A 20 kg wagon is pulled along the level ground by a rope inclined at 30 deg above horizontal. A frictional force of 30 N opposes the motion, how large is the pulling force if the wagon is accelerating at the rate of 0.40m/s2?
F cos 30 - 30 = m a = 20 * 0.40
so
F = [ 30 + 8 ] / 0.866
To find the pulling force, we need to consider the forces acting on the wagon.
First, let's draw a free-body diagram to visualize the forces involved:
-------------------------
| \
____|____ \ <-- Rope
/ \ \
/ Wagon \ \
/ \ \
/ \ \
<---- 30° \ 30 N <--- Friction force
\ /
\ /
\_______/
In the diagram:
- Wagon represents the 20 kg mass of the object being pulled.

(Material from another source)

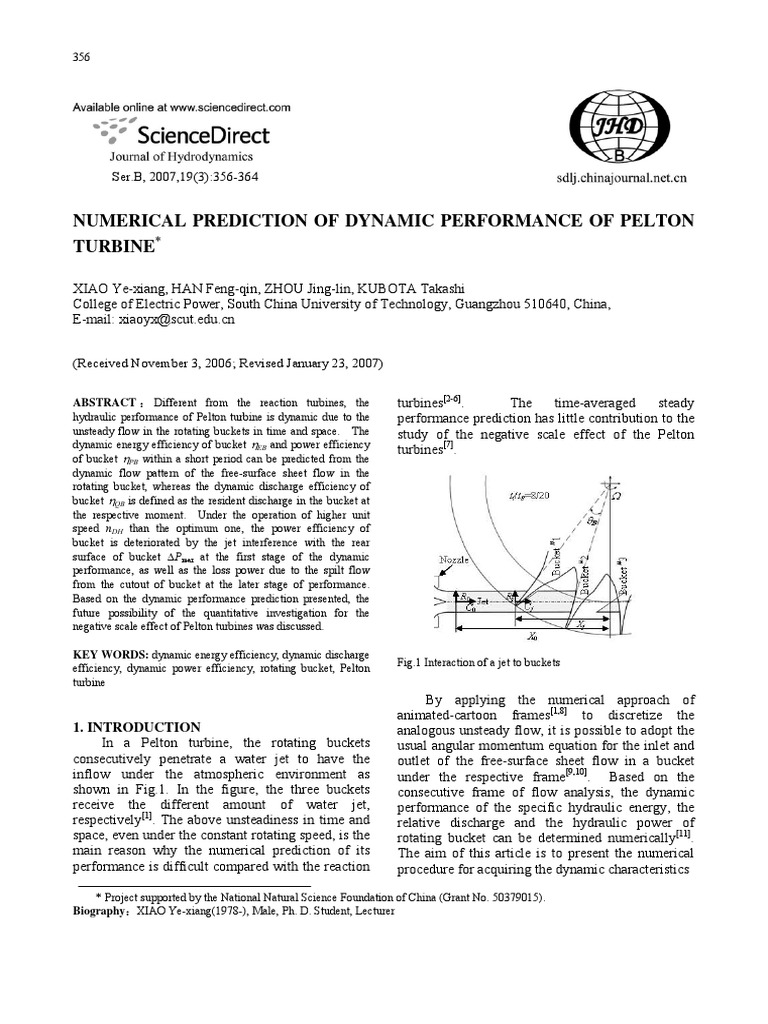 Dynamic Performance of Pelton Turbines | PDF | Jet Engine | Turbine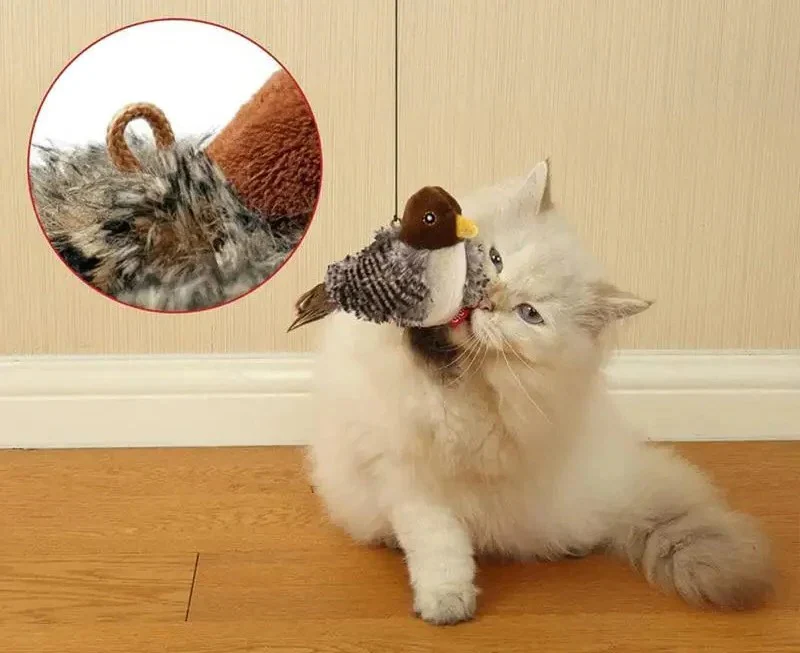 Interactive Sound Bird Cat Toy - Flapping Feather Fun for Indoor Cats - Image 3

- The upward angled arrow represents the pulling force.
- The downward angled arrow represents the frictional force.
- The straight horizontal arrow represents the horizontal component of the rope tension.

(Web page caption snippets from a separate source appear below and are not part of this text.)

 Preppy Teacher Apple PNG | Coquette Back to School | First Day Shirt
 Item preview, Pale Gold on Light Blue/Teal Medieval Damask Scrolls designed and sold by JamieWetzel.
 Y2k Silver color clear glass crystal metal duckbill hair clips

From the given information, we know that:
- Mass (m) of the wagon = 20 kg
- Frictional force (F_friction) = 30 N
- Acceleration (a) = 0.40 m/s^2
- Angle (θ) between the inclined rope and the horizontal ground = 30°
Now, let's break down the forces along the horizontal and vertical directions:
1. Vertical direction (upward is positive):
- Tension in the rope = T (unknown)
- Vertical component of tension = T * sin(30°) = T_vertical
Since there is no vertical acceleration (the wagon is on level ground), the vertical forces are balanced:
Sum of vertical forces = 0
Therefore:
T_vertical = Weight of the wagon (m * g) (opposite direction of the upward arrow)
T_vertical = 20 kg * 9.8 m/s^2 = 196 N
2. Horizontal direction (forward is positive):
- Tension in the rope = T (unknown)
- Horizontal component of tension = T * cos(30°) = T_horizontal
- Frictional force = F_friction = 30 N (opposite direction)
We can set up the equation for horizontal forces:
Sum of horizontal forces = ma (from Newton's second law)
T_horizontal - F_friction = m * a
T_horizontal - 30 N = 20 kg * 0.40 m/s^2
T_horizontal - 30 N = 8 N
Now, we know the horizontal component of tension:
T_horizontal = 8 N + 30 N
T_horizontal = 38 N
Finally, to find the pulling force, we need to consider both horizontal and vertical components:
Pulling force = Square root( T_horizontal^2 + T_vertical^2 )
Pulling force = Square root( (38 N)^2 + (196 N)^2 )
Pulling force = Square root( 1444 N^2 + 38416 N^2 )
Pulling force = Square root( 39860 N^2 )
Pulling force ≈ 199.6 N
Therefore, the pulling force required is approximately 199.6 Newtons.